There are two ways that replication can be affected: repairs on replication metadata tables, and repairs on anything else to do with a subscription.
Repairs on replication metadata tables
This is the simplest case to explain. If the repair operation affects any of the replication metadata tables (i.e. deleted some data from them), the entire replication publication will be in an inconsistent state and you should remove replication completely from the database an reinitialize it. This isn’t limited to a single subscription – all replication should be reconfigured.
Repairs on anything else
Transaction replication captures changes to the publication database by analyzing the transaction log, looking for transactions that change data in any of the publications, and converting those operations into logical operations that can be applied to the subscribers. Merge replication captures changes to the publication database using DML triggers and converting those operations into logical operations that can be applied to the subscribers.
Neither of these mechanisms can capture of operations performed by repair. Repair operations are always direct physical changes to the database structures to fix inconsistencies in the structures (e.g. a database page, table record, or a linkage between two pages), as opposed to physical changes because of queries performing inserts, updates, or deletes on tables.
These repair operations cannot translated into logical operations that can be applied to replication subscribers because there are no logical operations than can be expressed using T-SQL for the equivalent of the direct structural changes that repair is performing. Replication does not preserve the exact physical location of a particular record between the publication and subscription databases, so a direct change to record Y on page X in the publication database would not be able to be replayed on the subscription database (remember, replication ships logical changes, not physical changes). This means that if any table that is part of a replication publication is changed by a repair operation, the replication subscription is no longer valid and must be reinitialized.
As an example, imagine a repair operation is forced to remove a data page from a unique clustered index (essentially deleting some table records), and the subscription is NOT reinitialized. Those records would still exist on the replicated copy of the table.
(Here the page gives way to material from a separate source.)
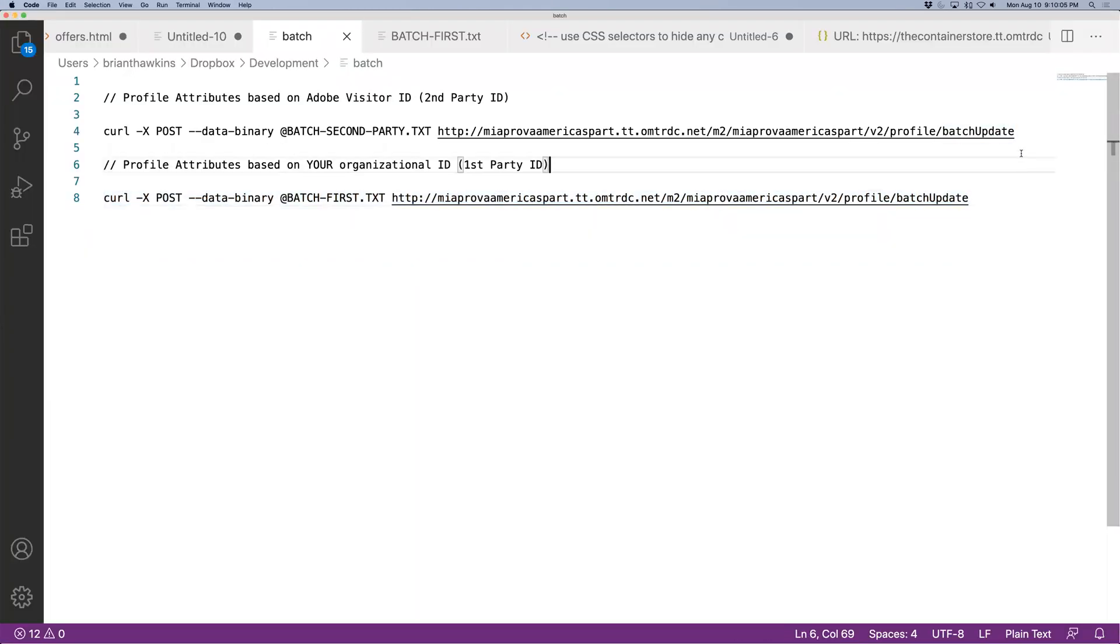So essentially you've got these two command lines that you'll enter into terminal. You can also have like your content management system, you can automate this as well and a lot of companies do that.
If a subsequent insert operation inserted records with cluster key values corresponding to the records deleted by the repair operation, the Distribution Agent would fail when trying to apply the inserts to the replicated copy – because the repair operation was not applied to the subscription database and a duplicate key violation error will occur when attempting to apply the insert to the replicated table.
A replication subscription must always be reinitialized if any table in the publication is affected by a repair operation, or the replication metadata tables are repaired.